Certainly there are other binary formats, like protobuf and BSON, that can have better performance. But these are harder to consume, especially by humans. None of these alternatives are universally available like JSON. Some have too many dependencies that can potentially conflict with your app's existing dependencies. Given all these factors, we think JSON strikes the right balance with good efficiency and excellent ease of use.

JSON Grammar

This grammar defines the data structures that are specific to logging API requests and responses.

  • Each API call (with request and response details) is a single message.
  • Each message is an array of one or more message details.
  • Each detail associates a key string with a value string.
  • All key strings must be formatted properly based on the type of key.

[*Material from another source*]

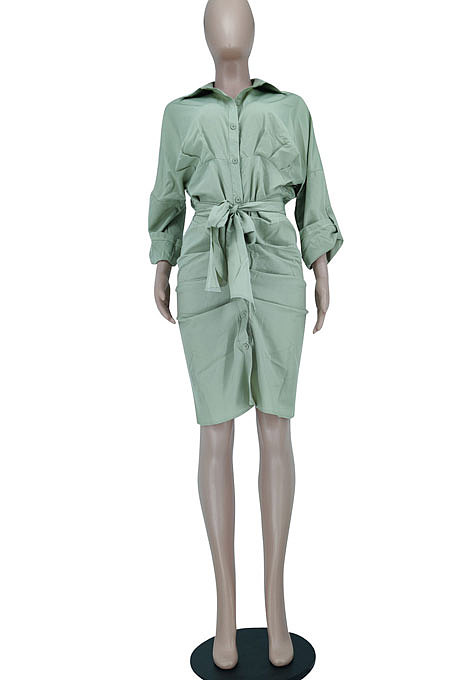 Green Women Fashion Casual Button Tied T Shirt/Shirt Dress YBS86726-2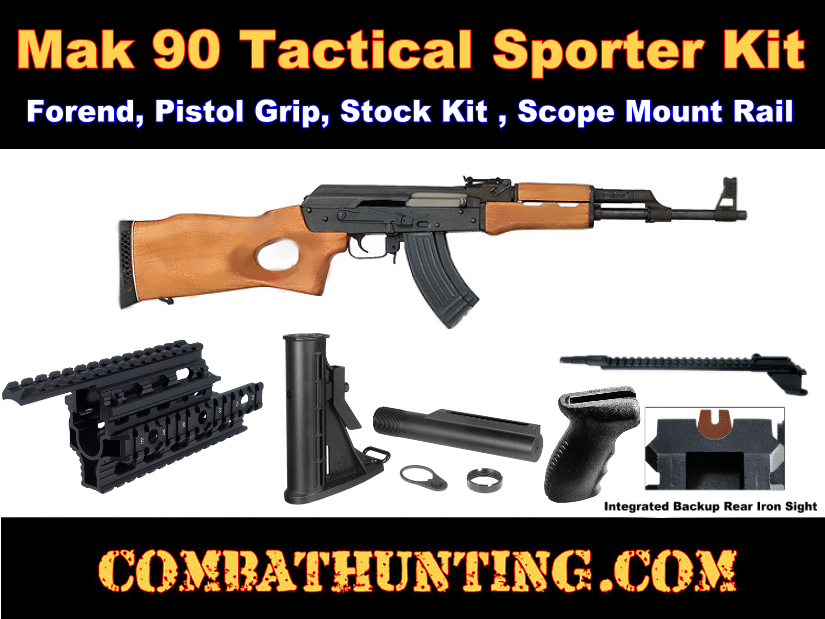 AK47 Mak 90 Tactical Sporter Kit With Stock, Grip, Quad Rail & Mount style=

Here's the geekier way of saying all of that:

Copy
message
    [ message-details ]

message-details
    message-detail
    message-detail, message-details

message-detail
    [ "key", "value" ]

Key Strings

All key strings are formatted based on the type of key, and whether the key includes an identifying name. Keys with names may appear multiple times in a message, but keys without names appear only once in the message.

Copy
Key String              Count   Description
---------------------   -----   ------------------------
custom_field:<name>      0..n   Named custom detail
host                        1   Host identifier
interval                    1   Elapsed service time
now                         1   Response unix timestamp
request_body             0..1   Body content as text
request_header:<name>    0..n   Named header
request_method              1   HTTP method
request_param:<name>     0..n   Param from URL or body
request_url                 1   HTTP url
response_body            0..1   Body content as text
response_code               1   HTTP return code
response_header:<name>   0..n   Named header
session_field:<name>     0..n   Named session detail

By convention, key strings are always all lowercase (including the name portion). This is convenient when using this format and for writing logging rules.

JSON Examples

Use Case

This first example shows the minimum number of details to expect for each HTTP request and response. This has URL and timing information but not much else.

Copy
[
["request_method","GET"],
["request_url","http://myurl"],
["response_code","200"],
["host","web.1"],
["interval","1.29318200"],
["now","1619848800000"]
]

Extended Use Case

This second example shows a larger set of key/value details. (Logging rules are used to control how many details are kept and how many are discarded.)

Copy
[
["request_method", "POST"],
["request_url","http://localhost:5000/?action=new"],
["request_body", "{ \"customerID\" : \"1234\" }"],
["request_header:version","HTTP/1.1"],
["request_header:host","localhost:5000"],
["request_header:connection","keep-alive"],
["request_header:cache-control","max-age=0"],
["request_header:upgrade-insecure-requests","1"],
["request_header:user-agent","Mozilla/5.0..."],
["request_header:accept","text/html,application/xhtml+xml,application/xml"],
["request_header:accept-encoding","gzip, deflate, br"],
["request_header:accept-language","en-US,en;q=0.9"],
["request_header:cookie","_ruby-getting-started_session=MTFxM0tmZG"],
["request_header:if-none-match","W/\"70bd4196dfa68808be58606609ed8357\""],
["request_param:action","new"]
["response_code","200"],
["response_header:x-frame-options","SAMEORIGIN"],
["response_header:x-xss-protection","1; mode=block"],
["response_header:x-content-type-options","nosniff"],
["response_header:content-type","text/html; charset=utf-8"],
["response_header:etag","W/\"1467037e1e8\""],
["response_header:cache-control","max-age=0, private, must-revalidate"],
["response_header:set-cookie","_ruby_session=WHZtbllOcU...; path=/; HttpOnly"],
["response_header:x-request-id","2209f8b1-ed2f-420c-9941-9625d7308583"],
["response_header:x-runtime","0.314384"],
["response_header:content-length","8803"],
["response_body","\n\n\n \n\n\n...\n\n"],
["session_field:session_id","8687e4ba9"],
["session_field:_csrf_token","nMI/JGb4GB"],
["host","web.1"],
["interval","1.29318200"],
["now","1619848800000"]
]

Batching with NDJSON

The JSON format described so far has been used to serialize a single message. When you export or import logger messages into your Graylog API Security database, this is done using NDJSON format, which is an easy way to serialize a long list of messages.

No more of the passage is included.